Addison : Bon sang Meredith! Tu as une langue! Tu en parles à tout le monde sauf à moi! Tôt ou tard il faudra bien que tu te confrontes à la réalité!
Meredith : En parler à tout le monde? Tu plaisantes? Tu crois que je vais étaler aisément au grand jour que la femme que j'aime est enceinte d'un de mes patrons que je connais à peine ou non peut-être de l'homme que j'ai aimé et qui est encore officiellement son mari! Tu rigoles là? Parce que crois-moi c'est pas drôle dutout!
Addison : Tu... Tu crois que le père c'est Derek ou Mark?
Meredith : Bien sûr! Qui d'a... Oh un autre? Super! Maintenant on parle d'un parfait inconnu!
Addison : Arrête tout de suite! Tu te montes la tête, tu m'en veux et tu ne sais rien! Rien de rien! Et tu ne veux même pas l'écouter!
Meredith : Vas-y! Aller! Je t'écoute. Alors?
Addison (en colère) : Derek est parti vivre à Seattle. Je me suis retrouvée seule. J'étais une femme de 40 ans seule! J'avais envie d'un enfant... Je... J'ai honte mais je me suis dis que si je disais à Derek que j'étais enceinte, il reviendrait! Alors j'ai été voir une collègue et très bonne amie à moi qui m'a aidé pour une insémination. (commençant à pleurer) C'était juste avant de venir à mon tour à Seattle! C'était juste avant de te rencontrer! Il n'y a eu qu'un essai et quand je suis venu ici j'étais convaincu que ça n'avait pas marché! Et puis je suis tombée amoureuse de toi et il y a quelques jours j'ai fais pipi sur une languette et maintenant je me rends compte que je vais devoir choisir entre toi et ce bébé! (de plus en plus en colère) Et je ne VEUX pas faire ce choix! Tu sais que j'ai trompé Derek avec Mark. J'étais enceinte de Mark. J'ai avorté! J'ai avorté parce que notre relation n'était pas saine et stable et que je voulais ce qu'il y avait de mieux pour cet enfant. Mais maintenant je réalise que je peux parfaitement lui apporter tout ça. Je ne veux pas refaire la même erreur! Je t'aime et... ne me force pas à avorter une deuxième fois!

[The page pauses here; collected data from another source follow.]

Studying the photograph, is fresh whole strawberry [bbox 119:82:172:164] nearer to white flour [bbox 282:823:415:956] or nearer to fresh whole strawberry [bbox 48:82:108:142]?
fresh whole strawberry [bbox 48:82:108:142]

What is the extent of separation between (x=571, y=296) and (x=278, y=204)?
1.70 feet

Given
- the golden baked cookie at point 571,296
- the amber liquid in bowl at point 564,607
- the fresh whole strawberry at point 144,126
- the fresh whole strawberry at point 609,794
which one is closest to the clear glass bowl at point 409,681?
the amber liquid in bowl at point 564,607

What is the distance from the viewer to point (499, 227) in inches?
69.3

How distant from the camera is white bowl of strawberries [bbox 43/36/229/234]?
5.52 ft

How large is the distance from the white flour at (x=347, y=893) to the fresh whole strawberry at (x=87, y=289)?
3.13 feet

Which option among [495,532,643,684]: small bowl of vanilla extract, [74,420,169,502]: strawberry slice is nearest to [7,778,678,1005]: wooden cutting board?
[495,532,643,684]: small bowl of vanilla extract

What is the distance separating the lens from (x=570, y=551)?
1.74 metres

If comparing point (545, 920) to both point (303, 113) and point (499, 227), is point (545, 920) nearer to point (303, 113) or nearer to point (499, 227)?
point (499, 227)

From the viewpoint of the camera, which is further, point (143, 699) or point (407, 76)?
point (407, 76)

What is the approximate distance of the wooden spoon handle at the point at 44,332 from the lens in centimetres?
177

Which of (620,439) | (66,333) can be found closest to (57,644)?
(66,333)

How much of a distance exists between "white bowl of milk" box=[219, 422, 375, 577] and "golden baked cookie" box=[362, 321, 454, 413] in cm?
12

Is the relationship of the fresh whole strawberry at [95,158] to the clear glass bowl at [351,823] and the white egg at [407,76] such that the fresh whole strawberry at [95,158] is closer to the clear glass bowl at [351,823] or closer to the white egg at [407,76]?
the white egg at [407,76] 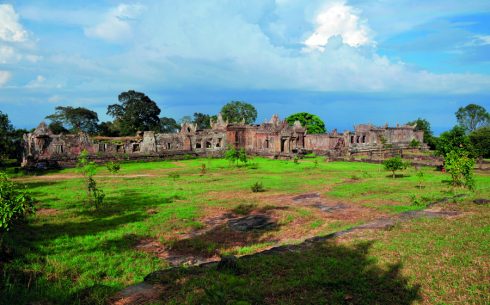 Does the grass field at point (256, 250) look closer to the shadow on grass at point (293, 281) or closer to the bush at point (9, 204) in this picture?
the shadow on grass at point (293, 281)

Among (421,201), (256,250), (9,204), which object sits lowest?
(256,250)

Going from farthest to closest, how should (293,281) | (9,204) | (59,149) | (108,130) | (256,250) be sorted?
(108,130), (59,149), (256,250), (9,204), (293,281)

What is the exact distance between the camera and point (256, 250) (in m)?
9.52

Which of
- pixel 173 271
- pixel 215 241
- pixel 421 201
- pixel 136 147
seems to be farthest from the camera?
pixel 136 147

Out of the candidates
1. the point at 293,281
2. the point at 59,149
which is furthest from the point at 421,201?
the point at 59,149

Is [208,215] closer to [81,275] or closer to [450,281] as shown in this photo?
[81,275]

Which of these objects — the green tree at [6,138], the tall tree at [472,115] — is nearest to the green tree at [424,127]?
the tall tree at [472,115]

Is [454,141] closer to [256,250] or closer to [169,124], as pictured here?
[256,250]

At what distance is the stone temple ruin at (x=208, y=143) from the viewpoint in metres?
34.3

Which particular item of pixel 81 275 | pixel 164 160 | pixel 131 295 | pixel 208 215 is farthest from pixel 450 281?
pixel 164 160

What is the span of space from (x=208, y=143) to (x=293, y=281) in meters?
41.3

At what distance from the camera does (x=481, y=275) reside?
6.38 meters

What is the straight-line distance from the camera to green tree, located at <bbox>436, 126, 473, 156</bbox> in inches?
981

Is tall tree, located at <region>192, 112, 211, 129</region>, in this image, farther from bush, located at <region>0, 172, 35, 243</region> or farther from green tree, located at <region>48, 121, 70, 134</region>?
bush, located at <region>0, 172, 35, 243</region> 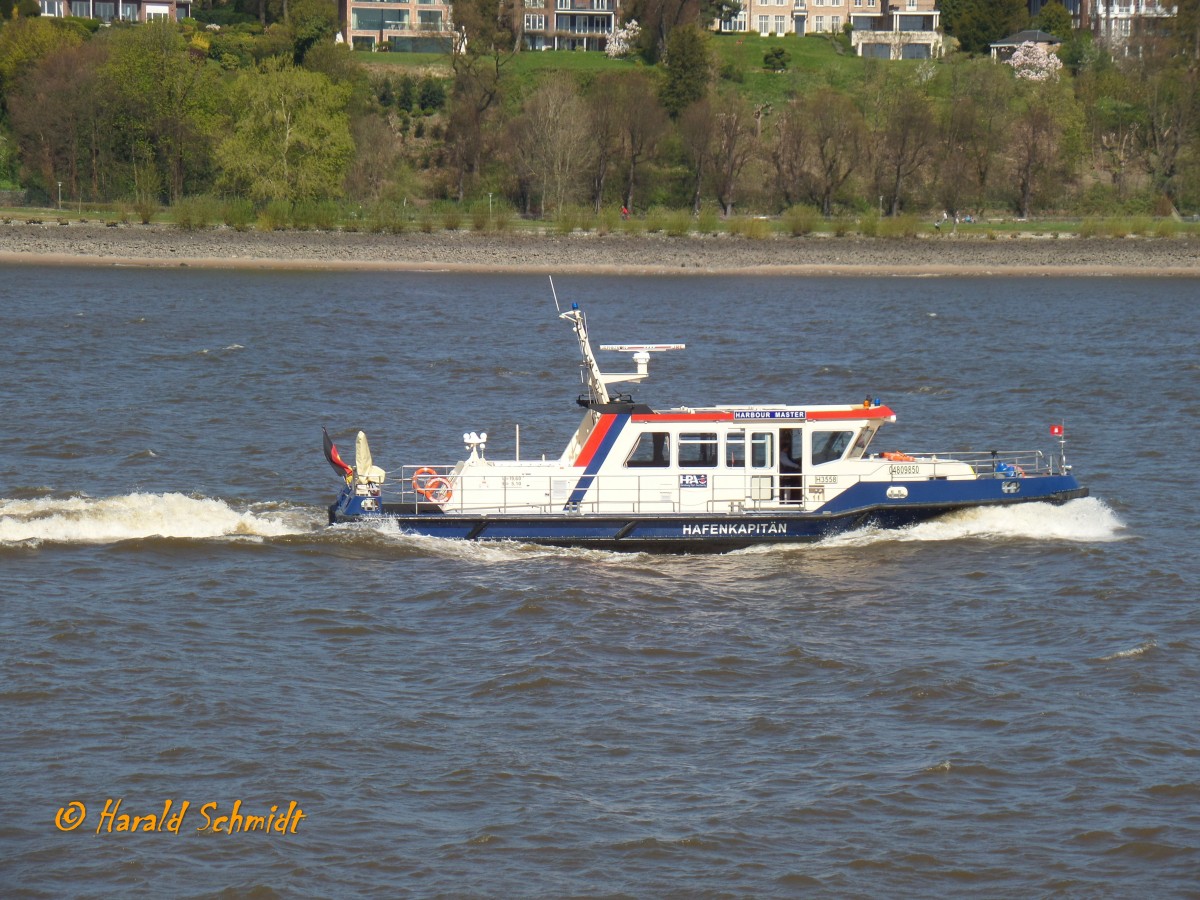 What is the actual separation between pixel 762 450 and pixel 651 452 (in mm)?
1765

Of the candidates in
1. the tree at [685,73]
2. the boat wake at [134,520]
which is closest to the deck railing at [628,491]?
the boat wake at [134,520]

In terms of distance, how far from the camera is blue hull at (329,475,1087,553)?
83.7ft

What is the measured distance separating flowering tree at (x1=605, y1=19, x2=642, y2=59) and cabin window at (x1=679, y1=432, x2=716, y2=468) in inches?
4640

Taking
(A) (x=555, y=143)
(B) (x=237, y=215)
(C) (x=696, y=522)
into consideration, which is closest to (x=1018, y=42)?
(A) (x=555, y=143)

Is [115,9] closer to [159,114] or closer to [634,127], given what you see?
[159,114]

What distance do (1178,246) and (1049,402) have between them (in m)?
56.3

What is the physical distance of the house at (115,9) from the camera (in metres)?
145

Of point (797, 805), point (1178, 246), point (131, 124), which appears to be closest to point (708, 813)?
point (797, 805)

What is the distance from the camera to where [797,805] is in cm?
1695

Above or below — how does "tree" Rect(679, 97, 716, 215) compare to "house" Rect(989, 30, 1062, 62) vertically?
below

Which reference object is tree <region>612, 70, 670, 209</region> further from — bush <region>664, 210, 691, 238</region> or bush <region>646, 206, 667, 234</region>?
bush <region>664, 210, 691, 238</region>

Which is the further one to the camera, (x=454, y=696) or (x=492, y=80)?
(x=492, y=80)

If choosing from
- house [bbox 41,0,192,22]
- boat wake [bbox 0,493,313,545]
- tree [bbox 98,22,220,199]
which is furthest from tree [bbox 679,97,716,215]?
boat wake [bbox 0,493,313,545]

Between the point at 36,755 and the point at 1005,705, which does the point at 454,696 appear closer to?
the point at 36,755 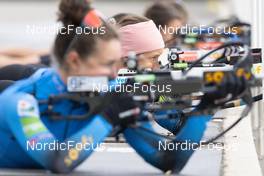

Addison était maintenant pleine de rage et crachait presque ses derniers mots. Elle vomit une deuxième fois.
Meredith resta silencieuse quelques minutes puis s'approcha et s'aguenouilla derrière elle. Elle la prit dans ses bras tenant avec elle ses cheveux. Tout en la berçant elle déposait de petits baisers dans son dos.
Addison continua à pleurer pendant assez longtemps mais Meredith attendit patiament qu'elle se calme. Elle la serra fort confortée par son explication. La vie des Grey semblait demeurer compliquée jusqu'à la nuit des temps mais elle était intimement persuadé qu'aux côté d'Addison elle ferait les meilleurs choix.